Obnoxious and verbose and tossing basically all type safety out the window, but it does enable some pretty crazy interesting things. Like self-discovery and dynamic loading of plugins, or self-configuration of apps. Also often useful when messing with generics. I could dig up some practical use-cases, if you're curious.

[–] [email protected] 8 points 1 month ago* (last edited 1 month ago)

You can also optimize this a bit.

You can use Activator.CreateInstance instead of reflecting and invoking the constructor.

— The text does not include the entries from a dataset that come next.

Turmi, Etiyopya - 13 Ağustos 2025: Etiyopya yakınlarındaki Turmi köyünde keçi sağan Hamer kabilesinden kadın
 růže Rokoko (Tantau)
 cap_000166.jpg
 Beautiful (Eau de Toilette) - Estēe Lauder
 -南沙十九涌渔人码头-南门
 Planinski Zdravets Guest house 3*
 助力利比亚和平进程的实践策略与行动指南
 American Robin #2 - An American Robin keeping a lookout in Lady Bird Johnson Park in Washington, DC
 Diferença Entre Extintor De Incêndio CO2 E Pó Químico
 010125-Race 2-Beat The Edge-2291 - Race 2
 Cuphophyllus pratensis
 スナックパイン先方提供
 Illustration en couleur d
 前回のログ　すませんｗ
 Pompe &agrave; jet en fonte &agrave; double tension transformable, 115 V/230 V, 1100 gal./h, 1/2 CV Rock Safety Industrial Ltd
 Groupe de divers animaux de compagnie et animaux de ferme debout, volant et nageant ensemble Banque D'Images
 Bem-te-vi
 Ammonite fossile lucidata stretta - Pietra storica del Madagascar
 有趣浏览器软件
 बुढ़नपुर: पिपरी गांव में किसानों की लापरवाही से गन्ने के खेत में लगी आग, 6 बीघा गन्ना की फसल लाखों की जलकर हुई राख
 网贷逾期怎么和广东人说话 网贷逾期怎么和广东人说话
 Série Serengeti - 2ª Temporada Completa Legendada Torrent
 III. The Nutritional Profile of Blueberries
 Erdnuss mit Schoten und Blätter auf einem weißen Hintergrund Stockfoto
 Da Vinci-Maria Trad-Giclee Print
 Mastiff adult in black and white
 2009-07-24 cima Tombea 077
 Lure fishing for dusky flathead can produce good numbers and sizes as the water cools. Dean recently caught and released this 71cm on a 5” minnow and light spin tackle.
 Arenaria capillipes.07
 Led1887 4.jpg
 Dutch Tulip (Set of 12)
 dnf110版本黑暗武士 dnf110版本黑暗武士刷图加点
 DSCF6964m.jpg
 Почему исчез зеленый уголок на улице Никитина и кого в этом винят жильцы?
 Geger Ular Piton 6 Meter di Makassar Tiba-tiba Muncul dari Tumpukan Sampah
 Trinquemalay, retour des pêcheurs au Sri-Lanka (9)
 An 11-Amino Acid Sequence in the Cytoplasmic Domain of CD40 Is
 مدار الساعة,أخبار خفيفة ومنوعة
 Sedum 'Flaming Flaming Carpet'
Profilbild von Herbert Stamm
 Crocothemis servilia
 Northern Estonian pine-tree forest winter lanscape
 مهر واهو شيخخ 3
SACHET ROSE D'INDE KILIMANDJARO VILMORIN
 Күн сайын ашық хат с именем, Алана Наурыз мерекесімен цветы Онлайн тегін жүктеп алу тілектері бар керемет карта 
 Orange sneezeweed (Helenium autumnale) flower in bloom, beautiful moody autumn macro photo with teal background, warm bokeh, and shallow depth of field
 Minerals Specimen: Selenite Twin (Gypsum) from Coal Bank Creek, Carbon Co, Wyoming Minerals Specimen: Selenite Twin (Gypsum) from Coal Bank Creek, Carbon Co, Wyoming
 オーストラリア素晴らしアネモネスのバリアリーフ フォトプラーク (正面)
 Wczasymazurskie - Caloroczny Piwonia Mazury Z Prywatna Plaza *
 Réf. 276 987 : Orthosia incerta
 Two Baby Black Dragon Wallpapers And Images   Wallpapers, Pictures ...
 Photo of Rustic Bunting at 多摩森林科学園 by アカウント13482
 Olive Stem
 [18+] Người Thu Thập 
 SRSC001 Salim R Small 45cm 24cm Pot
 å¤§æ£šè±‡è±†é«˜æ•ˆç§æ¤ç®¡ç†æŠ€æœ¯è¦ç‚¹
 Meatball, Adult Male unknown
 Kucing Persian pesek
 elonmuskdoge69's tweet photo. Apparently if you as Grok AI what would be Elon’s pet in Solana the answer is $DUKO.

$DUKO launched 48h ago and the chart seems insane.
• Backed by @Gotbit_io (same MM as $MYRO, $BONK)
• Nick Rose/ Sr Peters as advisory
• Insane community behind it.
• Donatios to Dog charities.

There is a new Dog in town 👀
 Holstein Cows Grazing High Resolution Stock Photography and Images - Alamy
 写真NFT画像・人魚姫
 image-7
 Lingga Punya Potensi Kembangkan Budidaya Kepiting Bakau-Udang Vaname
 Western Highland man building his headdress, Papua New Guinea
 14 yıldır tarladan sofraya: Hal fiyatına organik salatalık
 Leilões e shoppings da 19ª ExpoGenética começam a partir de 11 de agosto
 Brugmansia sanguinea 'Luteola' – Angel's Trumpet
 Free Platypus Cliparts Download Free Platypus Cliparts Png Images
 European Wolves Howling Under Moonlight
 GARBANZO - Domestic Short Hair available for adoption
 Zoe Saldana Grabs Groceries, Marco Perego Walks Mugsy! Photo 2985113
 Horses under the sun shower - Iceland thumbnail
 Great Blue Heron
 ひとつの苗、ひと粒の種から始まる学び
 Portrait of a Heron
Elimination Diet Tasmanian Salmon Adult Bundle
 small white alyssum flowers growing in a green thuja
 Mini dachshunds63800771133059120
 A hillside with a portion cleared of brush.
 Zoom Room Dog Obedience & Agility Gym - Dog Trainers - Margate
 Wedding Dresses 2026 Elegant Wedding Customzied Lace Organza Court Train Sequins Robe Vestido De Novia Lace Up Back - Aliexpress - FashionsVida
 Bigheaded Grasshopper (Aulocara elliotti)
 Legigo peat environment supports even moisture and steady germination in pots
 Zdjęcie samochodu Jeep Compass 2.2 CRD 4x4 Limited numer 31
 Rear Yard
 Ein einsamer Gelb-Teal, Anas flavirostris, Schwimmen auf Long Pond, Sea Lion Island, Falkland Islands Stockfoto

You can also call MethodInfo.Invoke, you don't need to create a delegate.

Also worth noting that Source Generators have replaced the need for reflection in many cases.

[–] [email protected] 6 points 1 month ago (1 children)

Woah, that's some meta shit. Neat. :D

[–] [email protected] 8 points 1 month ago (1 children)

It's pretty cool when you use it right but it's also really easy to shoot yourself in the foot with, even by C++ standards. For example, in other languages (I'm coming from Java/C# which both have it) it lets you access private/protected fields and methods when you normally wouldn't be able to.

There's also a noticeable performance penalty over large lists because you're searching for the field with a string instead of directly accessing it.

For the times it is necessary (usually serialization-adjacent or dynamic filtering/sorting in a table) to use reflection, it's faster at runtime than converting an object to a dictionary/hashmap. However, 99% of time it's a bad call.

[–] [email protected] 9 points 1 month ago

If you look at the proposal, this is specifically "static reflection", i.e. compile-time reflection. So it doesn't actually have any of the downsides you mention, as far as I can tell.